Yet other commentators find the federal shutdown inspiring. Dr. Li Xiaohui, Assistant Professor of Law at Xiamen University writes, “The life of the average American has not been greatly affected by it and the economy has continued to grow. This reflects the clear limits between America’s government and the market. Our country should likewise move forward and decouple the government from the economy.” Similarly, the newspaper Nanfang Dushi Bao commended the strength of American society for being able to function without the government. Interestingly, while the American public sees the shutdown as a government failure, some Chinese are seeing it as a sign of efficiency. The common belief that the Chinese words for “opportunity” and “crisis” are the same, though wildly untrue, seems applicable in this case.
While common Chinese citizens muse over the implications of a shutdown, China’s leadership has been giving the impression of merrily promenading through Southeast Asia, stealing the international spotlight. Taking advantage of Obama’s absence at the recent APEC and East Asia summits, President Xi Jinping visited Malaysia and Indonesia with a friendly demeanor that his predecessor would have likely avoided, greeting the Indonesian parliament in the local language and visibly travelling with his celebrity wife Peng Liyuan. In Brunei, on the other hand, Premier Li Keqiang stuck to the usual rhetoric of making progress on a code of conduct for the South China Sea disputes and indirectly urged the U.S. not to get involved.
But aside from bewilderment and contentment over the shutdown, there is also concern in China about the possibility of a future U.S. default. At a recent news conference in Beijing, China’s Vice Finance Minster Zhu Guangyao said that the U.S. must protect its creditors, stating, “safeguarding the debt is of vital importance to the economy of the U.S. and the world [...] This is the United States’ responsibility.” Dr. Li echoed the Minister’s message, “The shutdown of the American government is a warning to our compatriots that we should optimize the allocation of our foreign exchange reserves.”

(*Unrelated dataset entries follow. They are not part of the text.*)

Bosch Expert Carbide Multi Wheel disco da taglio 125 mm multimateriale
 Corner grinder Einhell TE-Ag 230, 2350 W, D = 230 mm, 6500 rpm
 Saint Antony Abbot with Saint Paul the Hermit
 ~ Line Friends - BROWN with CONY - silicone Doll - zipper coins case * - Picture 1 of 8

As the largest holder of U.S. debt, China unsurprisingly appears more concerned about American solvency than about the unfamiliar mechanics of a representative democracy. Despite this, China as a whole also appears to be learning a great deal from the shutdown, not only about the American political system, but also about itself and its future. As the shutdown enters its third week, it remains to be seen if America will learn something as well.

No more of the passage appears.